** What to do **
Copy out exactly the lines spanning the line with "Elmer's Squishies, Kids" to the line with "COSLYS CREME LAVANTE DERMATOLOGIQUE 1L", inclusive, from the data underneath, with no pictures.

** Input data **
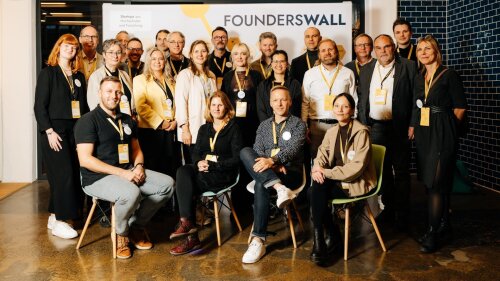 Members of the StarTH network met on 21 October 2025 in Erfurt with State Secretary Prof. Dr Steffen Teichert (third from right).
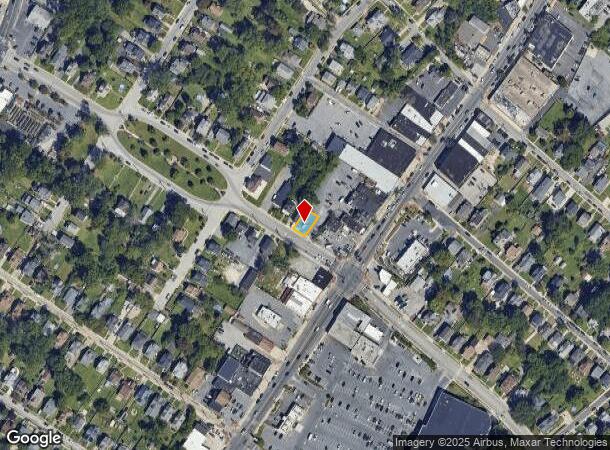  2906 Taylor Ave, Parkville, MD Parcel Map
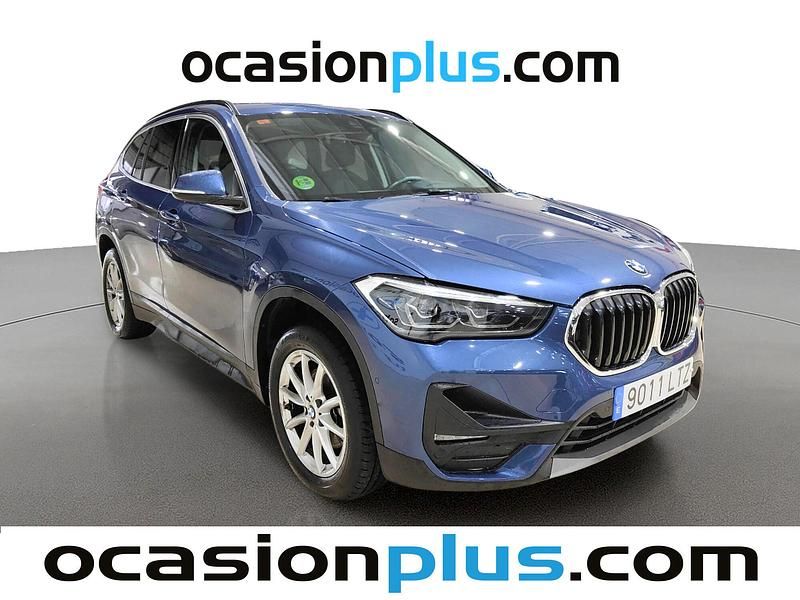 Usado BMW X1 150 CV (110 kW) 2021 Azul SUV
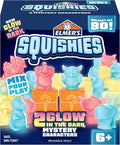 Elmer's Squishies, Kids DIY Activity Kit, Squishy Glow in the Dark Toys by Unknown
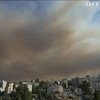 Околиці Єрусалима охопили масштабні лісові пожежі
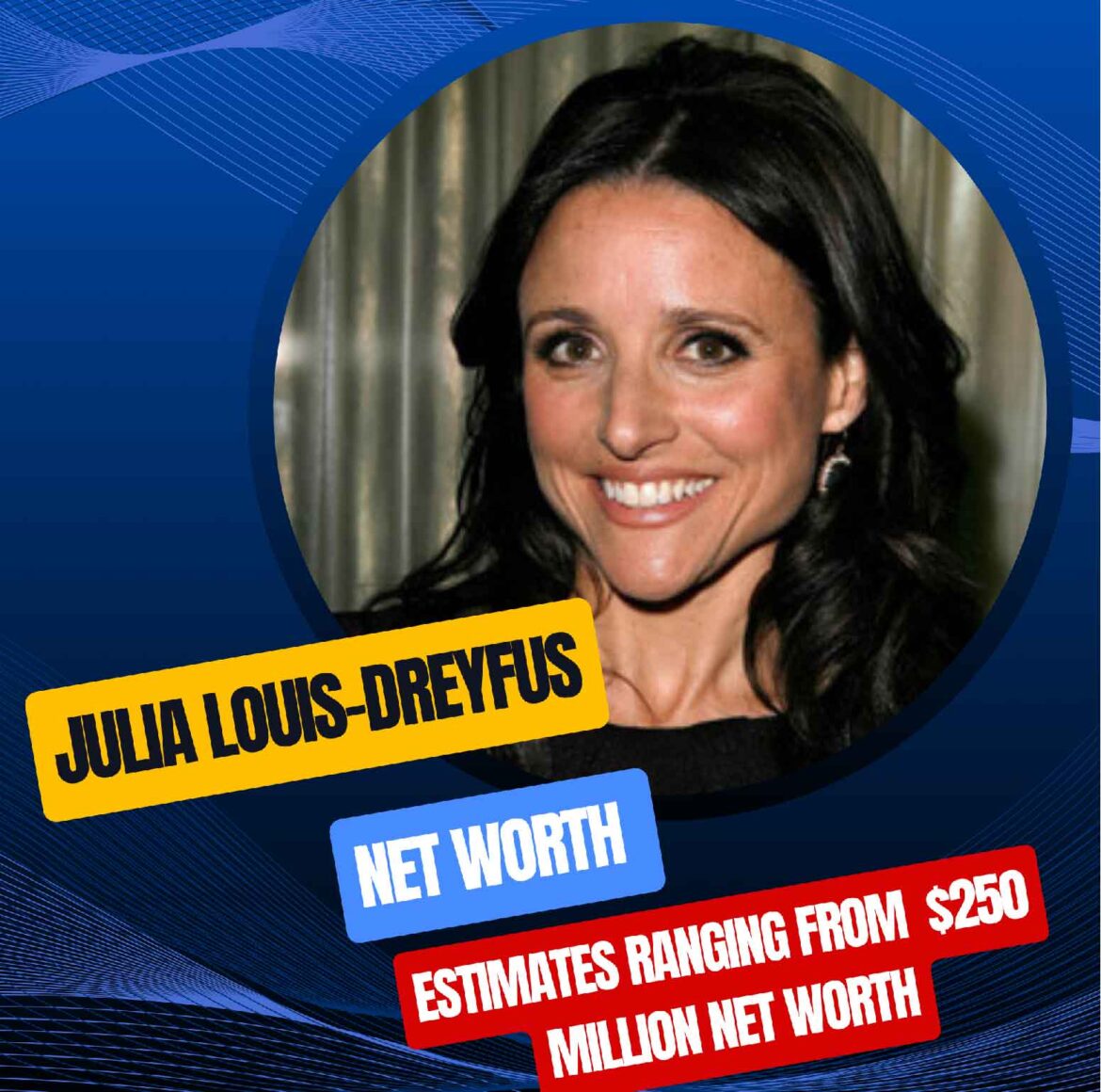 Unlocking Success The Julia Louis-Dreyfus Net Worth $250 Million
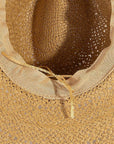 Braided Rope Band Straw Hat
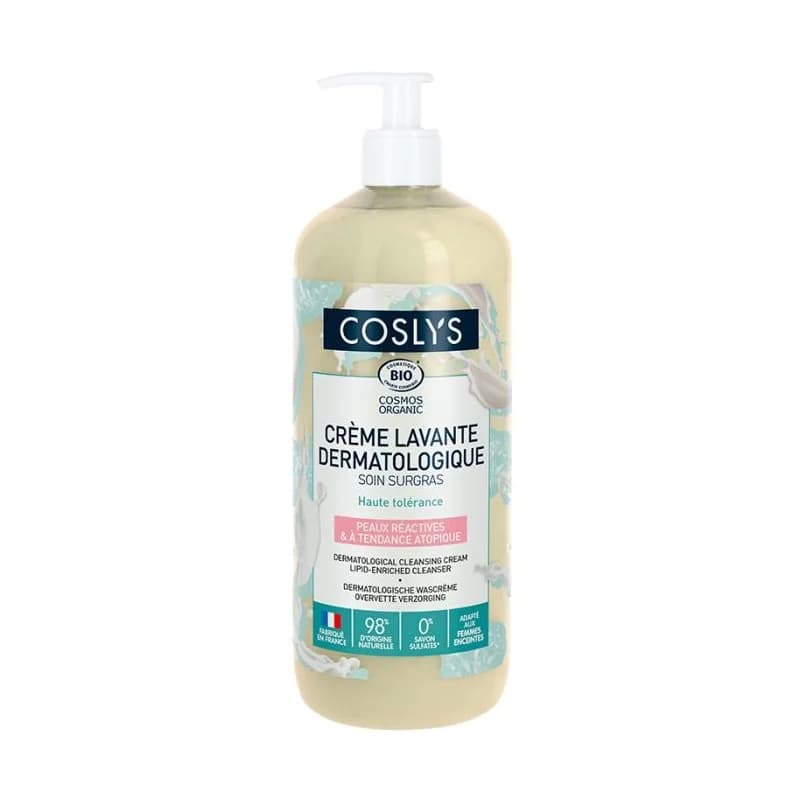 COSLYS CREME LAVANTE DERMATOLOGIQUE 1L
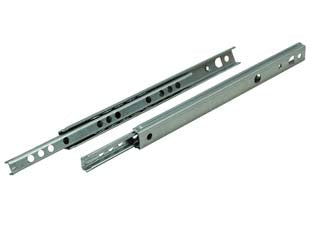 Guide A Sfera Per Cassetti In Acciao Zincato- - Cm.22 (Art.870 22 0) - 5 Paio Omge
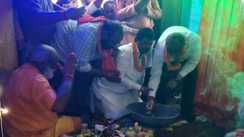 Bihar News: बुढ़वा गणेश स्थान के पुनर्निर्माण का शिलान्यास, महाराष्ट्र की तर्ज पर दिखता है गणेश पूजा का उत्साह
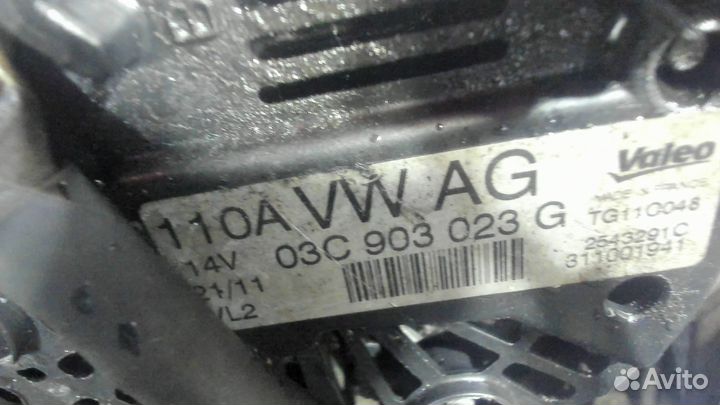 Двигатель Audi A6 (C5), 2003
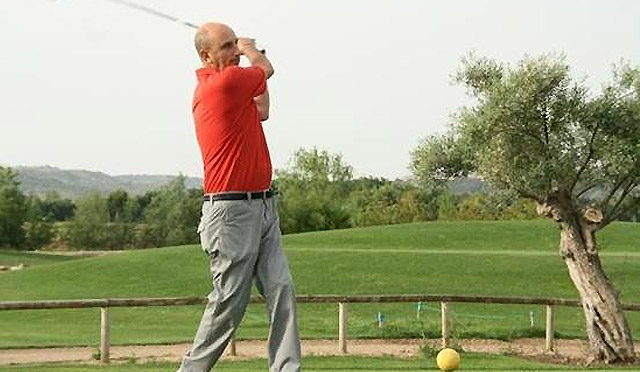 Antonio Llerena vence el Open de Madrid de Golf Adaptado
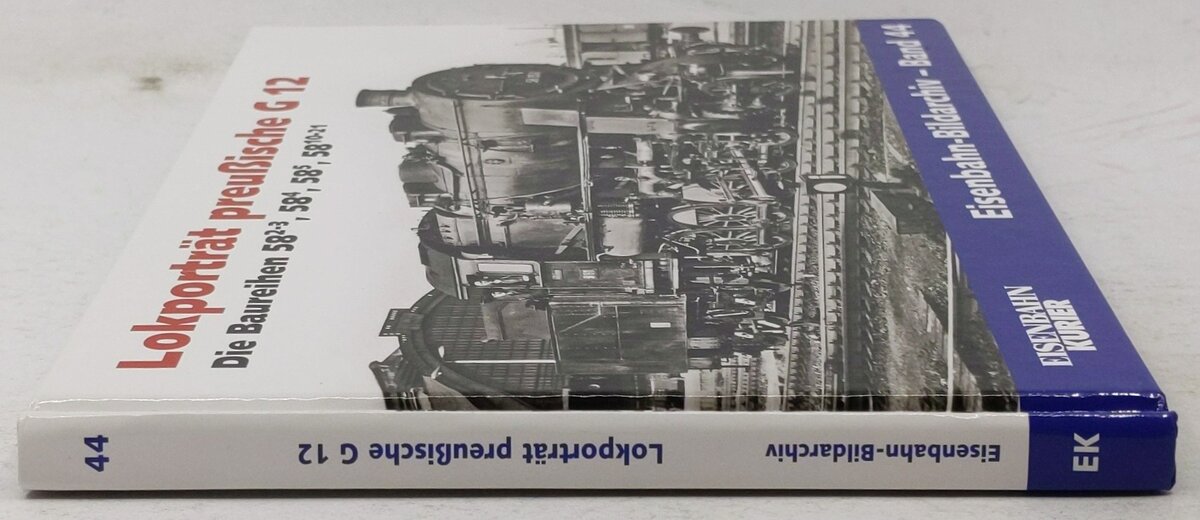 Lokporträt preußische G 12 Hardcover Book By Thomas Frister, Hansjurgen Wenzel EX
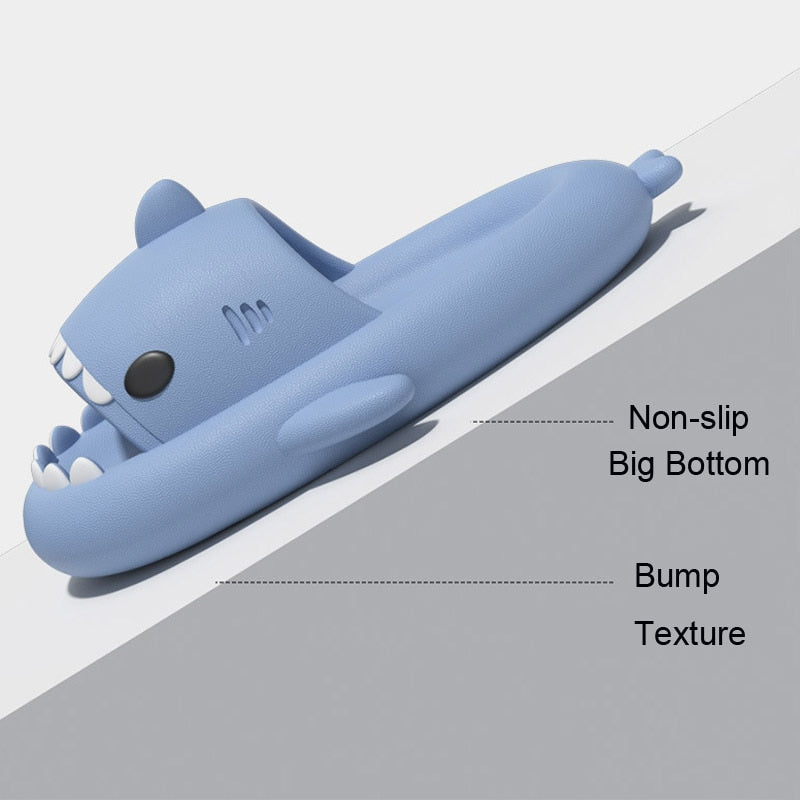 Slippers Women Shoes Summer Slides Cute Shark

** Answer space **
 Elmer's Squishies, Kids DIY Activity Kit, Squishy Glow in the Dark Toys by Unknown
 Околиці Єрусалима охопили масштабні лісові пожежі
 Unlocking Success The Julia Louis-Dreyfus Net Worth $250 Million
 Braided Rope Band Straw Hat
 COSLYS CREME LAVANTE DERMATOLOGIQUE 1L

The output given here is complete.